## EXERCISE INSTRUCTIONS:
Examine the data below and state how many lines contain "with", offering no other words.

## DATASET ENTRIES:
------------
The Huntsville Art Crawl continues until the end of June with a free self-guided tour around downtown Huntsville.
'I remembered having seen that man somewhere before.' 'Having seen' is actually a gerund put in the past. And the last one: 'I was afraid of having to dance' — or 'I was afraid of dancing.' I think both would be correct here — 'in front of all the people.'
------------
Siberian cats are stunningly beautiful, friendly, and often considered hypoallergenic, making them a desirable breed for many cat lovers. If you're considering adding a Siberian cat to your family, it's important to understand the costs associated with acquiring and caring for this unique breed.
------------
## TASK ANSWER:
2